## WORK TO COMPLETE
Begin at the line where "A planet orbiting" appears and reproduce exactly every line through the end of the data below, both included, skipping pictures.

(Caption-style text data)
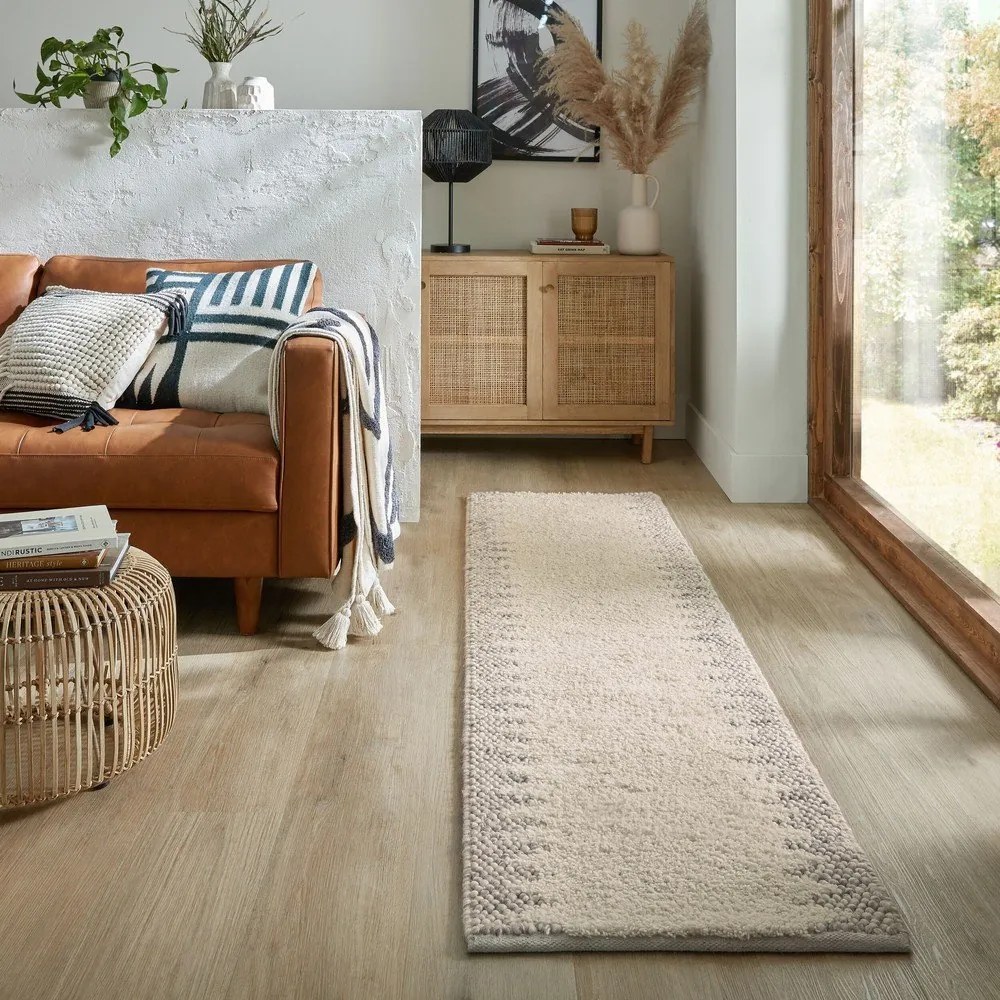 Кремава ръчно изработена пътека със смес от вълна 60x230 cm Minerals Border – Flair Rugs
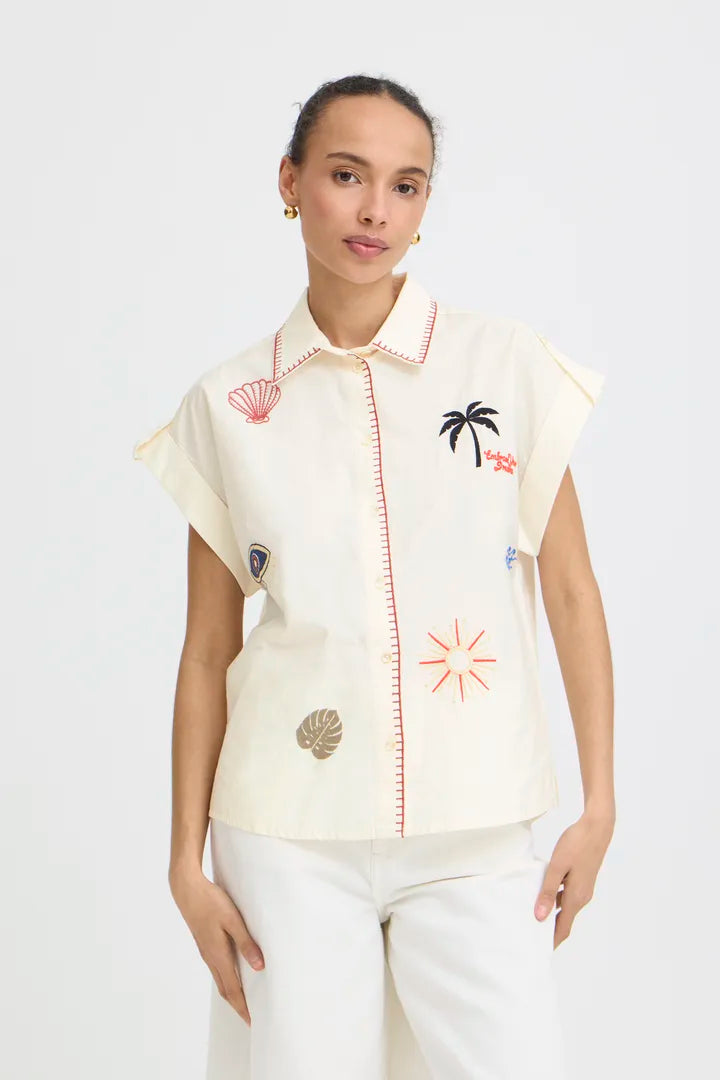 B.Young relaxed shirt with embroidery - Robins & Roses, Eccleshall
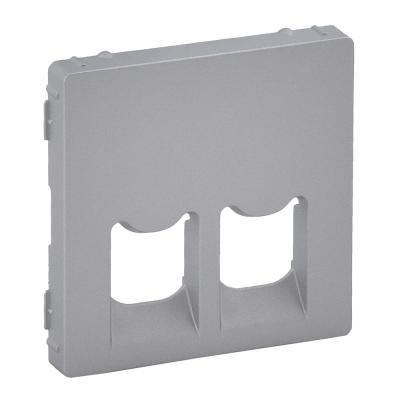 Лицевая панель розетки информационной двойной RJ45/RJ11 Legrand Valena Life алюминий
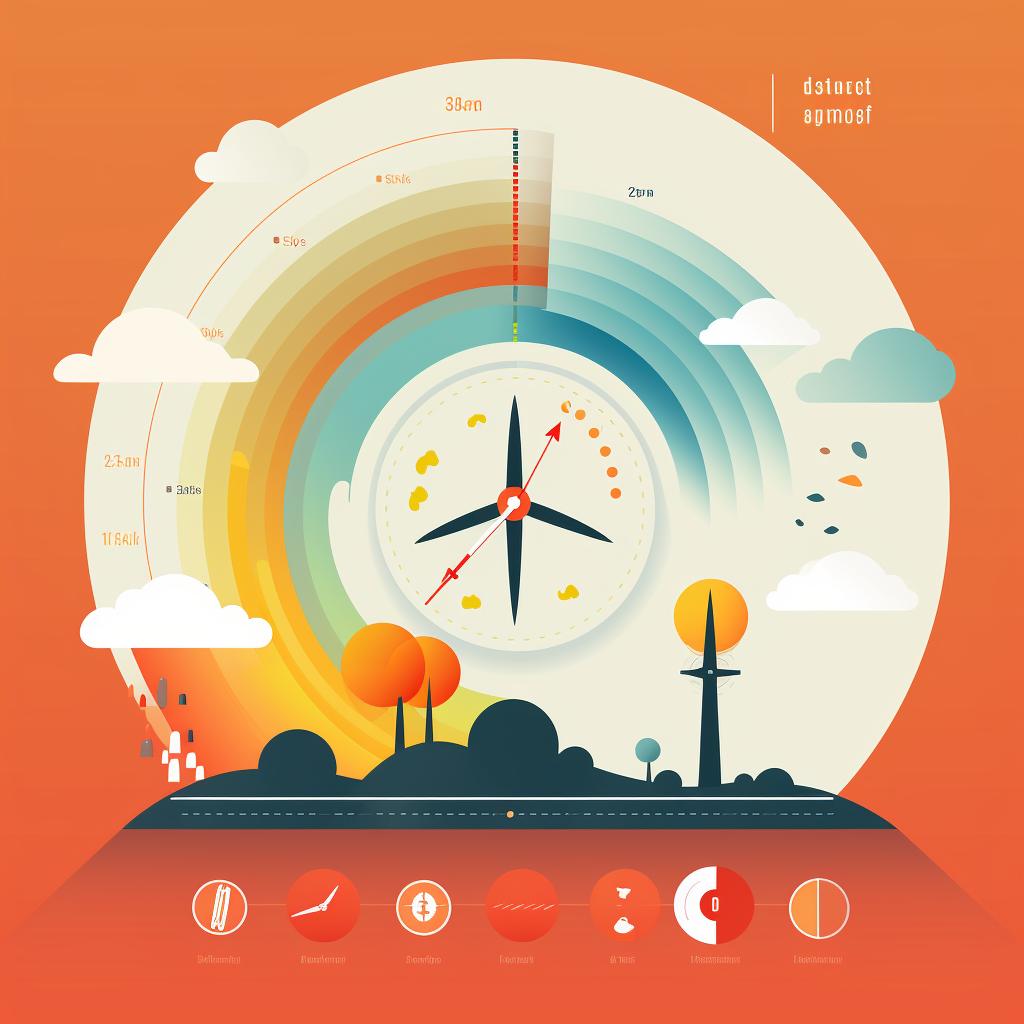 A weather forecast showing wind direction and speed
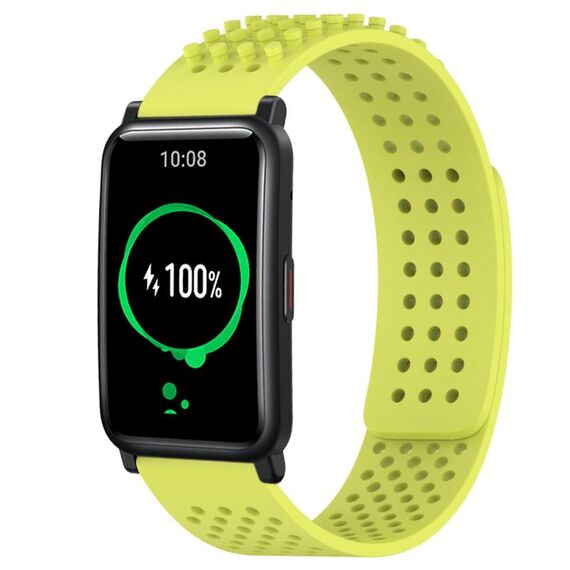 For Honor Watch ES Cinturino in silicone traspirante con punti 3D con fori da 20 mm (verde lime)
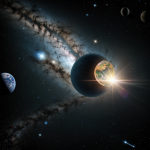 A planet orbiting a shattered star, revealing the intriguing dynamics of celestial bodies in the cosmos. A captivating glimpse into astronomical wonders.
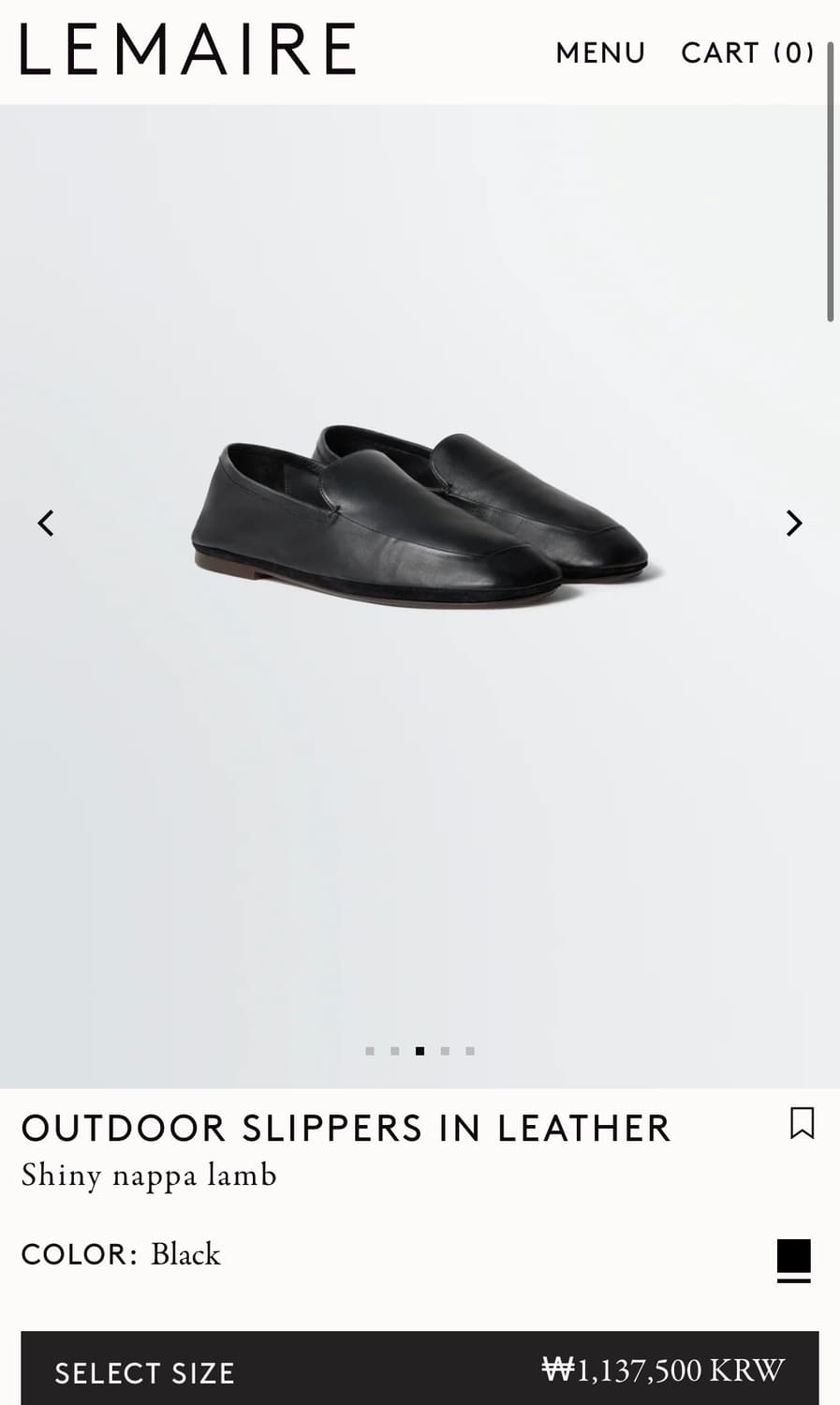 르메르 블랙 레더 로퍼 38 (250mm) 상품이미지5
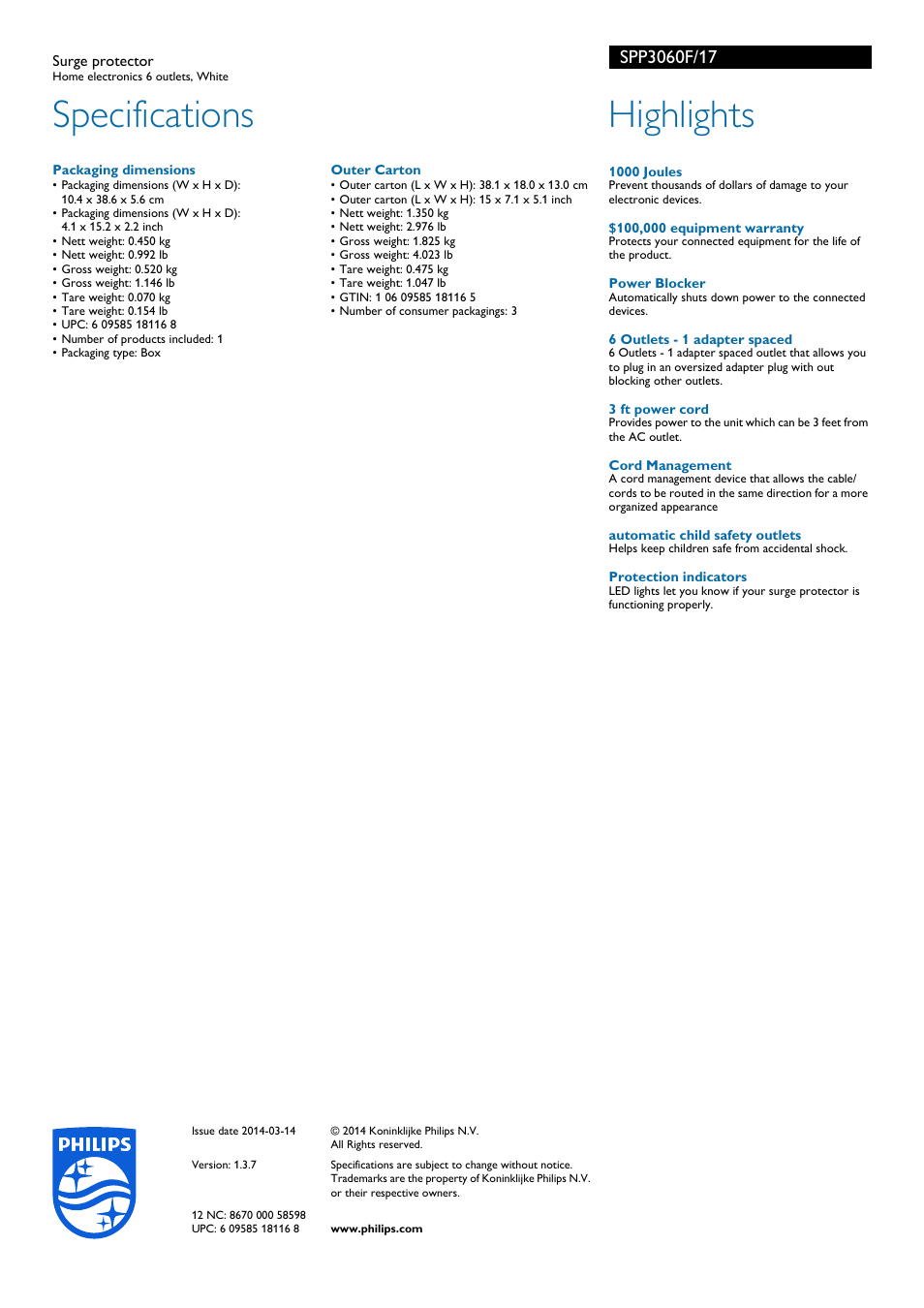 Specifications, Highlights | Philips SPP3060F-17 User Manual | Page 2 / 2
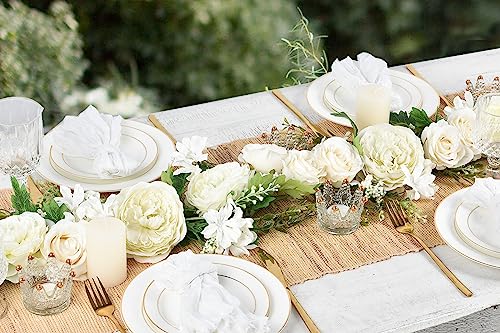 DearHouse 2Pack Artificial Peony Flower Garland - Silk Peony Garland with White Flowers for Wedding Party Table Decoration,6ft/Strand - Image 4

## WRITTEN SOLUTION
 A planet orbiting a shattered star, revealing the intriguing dynamics of celestial bodies in the cosmos. A captivating glimpse into astronomical wonders.
 르메르 블랙 레더 로퍼 38 (250mm) 상품이미지5
 Specifications, Highlights | Philips SPP3060F-17 User Manual | Page 2 / 2
 DearHouse 2Pack Artificial Peony Flower Garland - Silk Peony Garland with White Flowers for Wedding Party Table Decoration,6ft/Strand - Image 4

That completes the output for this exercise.